It's All Journalism

The broccoli of media-focused podcasts.

  • Podcast
  • Blog
  • FAQ
  • How to Podcast
  • Newsletter
  • Take a Survey

#234 – DIY approach to data scraping bolsters crime coverage

January 5, 2017 by ItsAllJournalism

Sometimes the only way to get the tools you need is to build them yourself.

Joshua Vaughn is a criminal justice reporter with the Sentinel in Cumberland County, Pennsylvania, and two years ago he started thinking about the information contained within the court documents created every time a person is charged with a crime. Working with a friend, he taught himself to code and built a tool to search those dockets, creating a searchable database that can provide statistics about the crime rate across the state.

Joshua Vaughn

Joshua Vaughn

“Where it all really started is, we’re like most newspapers, trying to do more with less people,” Vaughn said. “I thought there was a need and there was something there that could help us out. … As journalists, we have our routines, we have our ways of doing things. We have our data set that we look at, whether crime with dockets or education with reporting of Pennsylvania school profiles. There are things we look at all the time that we use in one way. I wanted to find different ways of using it. It was a matter of trying to take a step back and realize this (information) was there if we could find a way to pull it out.”

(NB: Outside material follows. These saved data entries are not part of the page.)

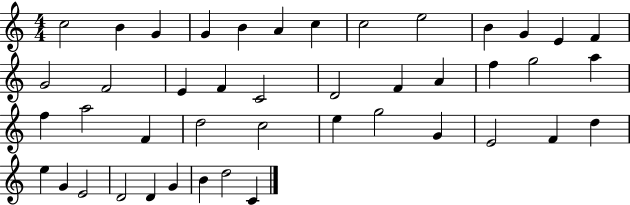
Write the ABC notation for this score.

X:1
T:Untitled
M:4/4
L:1/4
K:C
c2 B G G B A c c2 e2 B G E F G2 F2 E F C2 D2 F A f g2 a f a2 F d2 c2 e g2 G E2 F d e G E2 D2 D G B d2 C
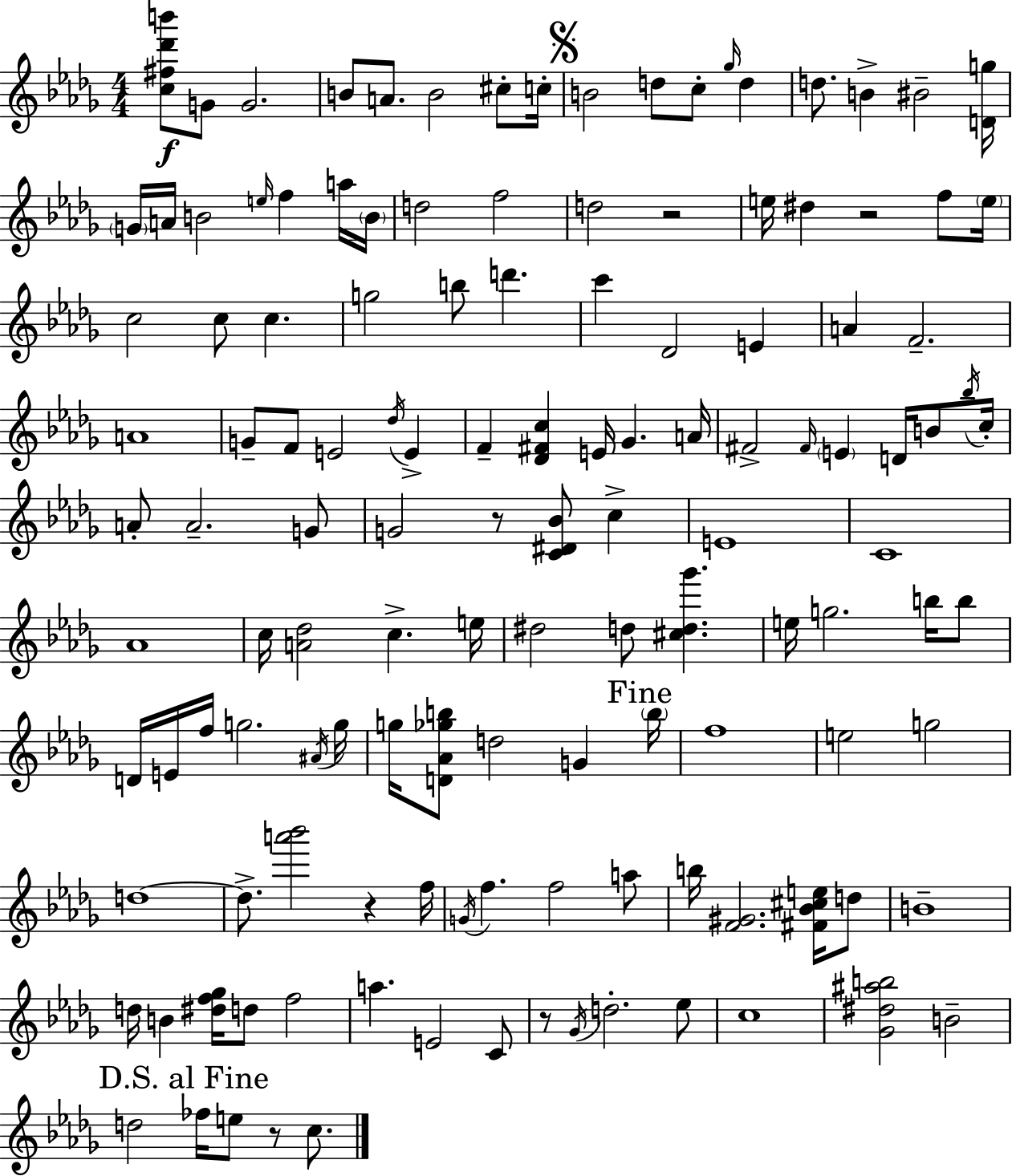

Now Vaughn has been writing one data-driven criminal justice article each month, led by or sourced with information culled from the data scraping tool he created. He wrote an article about people who were arrested on drug-related charges or found to have drug abuse issues when arrested and what happens to those people when they’re sentenced to jail time. “I was doing some keyword searches in documents and found several people in there who had died of drug overdoses” while in jail, he said.

In December, he wrote an article looking back at what appeared to be a noticeable uptick in the number of dockets opened in Pennsylvania that year, a 500-case increase in a county that normally gets 3,000 to 4,000 criminal filings each year. While it sounds like a big problem and might be cause for concern, Vaughn used the tool he created to determine things weren’t really that bad.

“DUIs are up substantially, drug crime and arrests were up substantially. The largest portion of drug crime arrests were simple possession, small amount of drugs not for delivery, and people getting charged with possession of small amounts of marijuana,” a separate crime in the state, he said. “Those two alone accounted for about 75 percent of the overall caseload increase.”

The underlying reason for this increase, he determined, was due to a shift in enforcement. “One of the chiefs of police made the point that the county is going through a shift in work staff, with older officers retiring. Younger officers tend to spend more time on the road and they have to do more traffic enforcement. More traffic enforcement leads to more people getting pulled over for DUIs.”

— Amber Healy

On this week’s It’s All Journalism podcast, host Michael O’Connell talks to Joshua Vaughn, a criminal justice reporter at the Sentinel newspaper in Cumberland County, Pennsylvania. Vaughn taught himself coding and built tools that allowed him to scrape data from public records. He shares how this information has both supported the reporting he had been already doing and led to new stories about the criminal justice system.

#183 – Data journalism by the numbers

Share Button
If you like this post, please share it along:

Previous Post

John Burn-Murdoch is a data journalist with the Financial Times in London.
Data journalism leads top 10 podcasts for 2016

Next Post


#235 – Is it ethical for a journalist to go to church?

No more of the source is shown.